ROLLING STONE: What’s your best case scenario for the future?

MAHER: First of all, some Democrat better win it in 2008. Then that person should go for broke and say to the people, "Now I have to tell you the truth. I couldn’t do it when I was running, because you are a bunch of babies who can’t take the truth, and you know damn well you wouldn’t have voted for me if I said that. But we’re going to take these painful measures."

The sad part of it is, the money is there to do almost anything we want. It’s not as if you’d have to raise taxes so much. If you took the money being wasted on Iraq, corporate welfare and the drug war, you would have trillions of dollars to work with. That’s the core of it. Whoever is the next president has to get at this corporate state we’ve found ourselves living in.

Spoken like a true timecard-puncher for Time Warner/HBO. Then there was the hatred-of-religion section:

ROLLING STONE: Speaking of religion, do you see people getting more or less rational in the coming years?

MAHER: Both. People are finally catching on that religion is childish and dangerous....Europe is over religion. They’re religious in name only. So the older, wiser continent, they’ve moved beyond that. But of course, much of the world has not....

ROLLING STONE: What about religion in this country? Is it becoming less of a political force?

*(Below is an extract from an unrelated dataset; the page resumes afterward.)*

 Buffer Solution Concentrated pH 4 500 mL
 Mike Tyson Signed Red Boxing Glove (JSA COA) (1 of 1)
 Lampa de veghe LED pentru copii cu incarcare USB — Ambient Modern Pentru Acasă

MAHER: I really feel like there’s a movement building. This is the issue of the day, and people are beginning to understand that religion is the problem. Now, when the president shows up at a disaster site and says he’s going to pray, it means nothing. He might as well show up and say, "I’m going to hope. I’m on it – I’m going to wish it were so." It’s meaningless at best. It’s difficult to steer the ship of state toward some sort of safe harbor when at least half the people in this country essentially think we should do that by splitting open a chicken and reading its entrails. I’m suggesting we use a compass.

That sounds fairly in sync with the Edwards campaign and its tendency to hire bloggers who rage against Bush's "wingnut Christofascist base."

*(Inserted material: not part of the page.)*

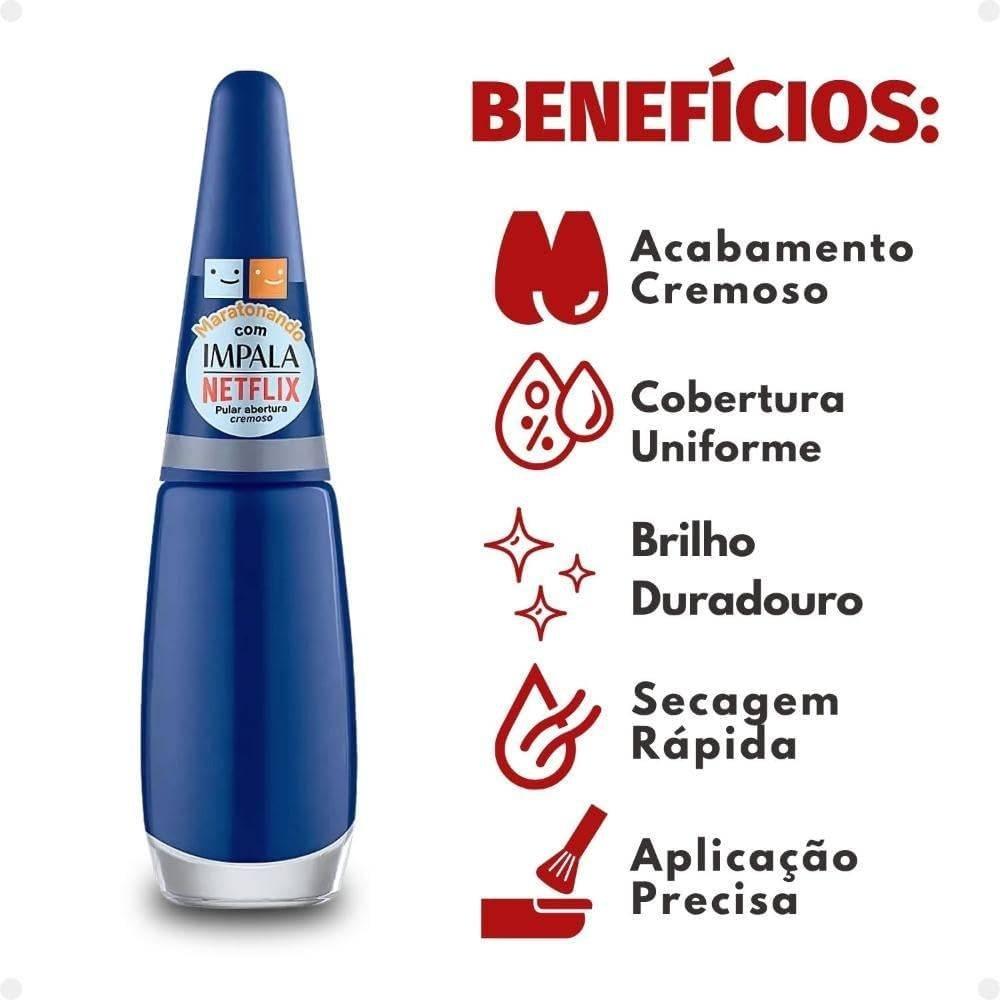 Esmalte Impala Netflix Pular Abertura 7,5ml - 2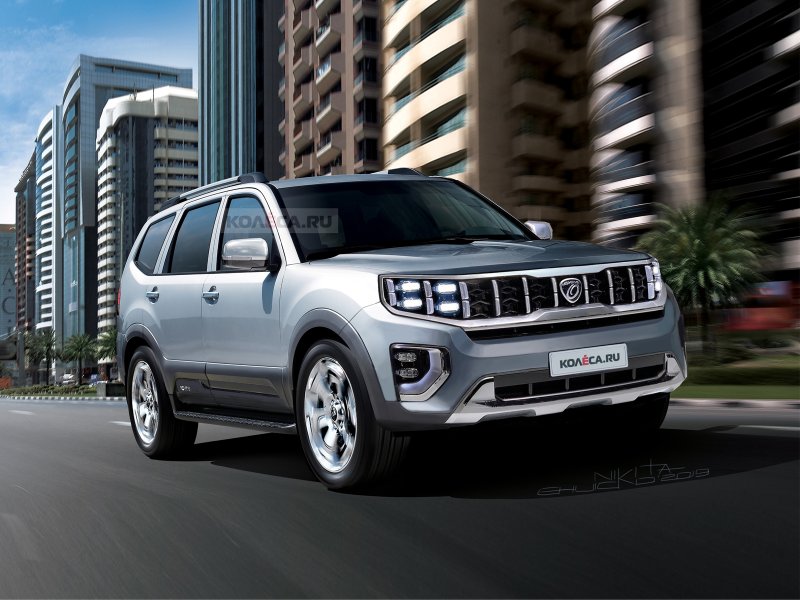 Kia Mohave 2022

Rolling Stone interviewer Mark Binelli also asked if Maher was optimistic or pessimistic about the future:

You know, one man’s pessimist is another man’s realist. People say to me, "Why are you so cynical?" And I say, "I wouldn’t be so cynical if you weren’t so f—ing stupid." I’m pessimistic because I see multiple looming icebergs that we’re sailing toward, and Captain George Bush is the guy in the crow’s nest of the Titanic. He doesn’t see the iceberg. Or he sees it and thinks it’s Jesus or some s–t. There are environmental, religious, and financial disasters looming. What if they all go down at the same time? It’s not like we’re getting our s–t together on any of this stuff.

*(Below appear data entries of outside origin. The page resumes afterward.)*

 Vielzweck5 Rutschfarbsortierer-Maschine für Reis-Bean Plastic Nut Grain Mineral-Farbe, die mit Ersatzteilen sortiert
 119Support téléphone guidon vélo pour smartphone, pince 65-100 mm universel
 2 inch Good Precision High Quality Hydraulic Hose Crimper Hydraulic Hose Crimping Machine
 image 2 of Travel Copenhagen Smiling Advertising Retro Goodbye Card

What about global warming? Don’t get Maher started:

And don’t forget, most Republican congressmen are still global-warming deniers. I don’t understand what any person doesn’t get about "You’re going to die too!" I could understand that, because they’re selfish pricks by nature: "I’ve got my own air. Why do I give a s–t?" But there’s a cloud of coal slag over China that’s so large it affects the weather. How good can business be to justify that? [Italics in original.]

Maher’s ultimately not impressed with his own influence. He concluded that he’ll look back on his career of punditry and say "You’ve heard me. I’ve made my point. I’ve had my time on the soapbox. And nobody took my advice."

Update 13:50 | Matthew Sheffield. It's good to see Maher finally come out and admit he's pulling for Democrats. Maybe now he can finally drop the "I'm a libertarian charade."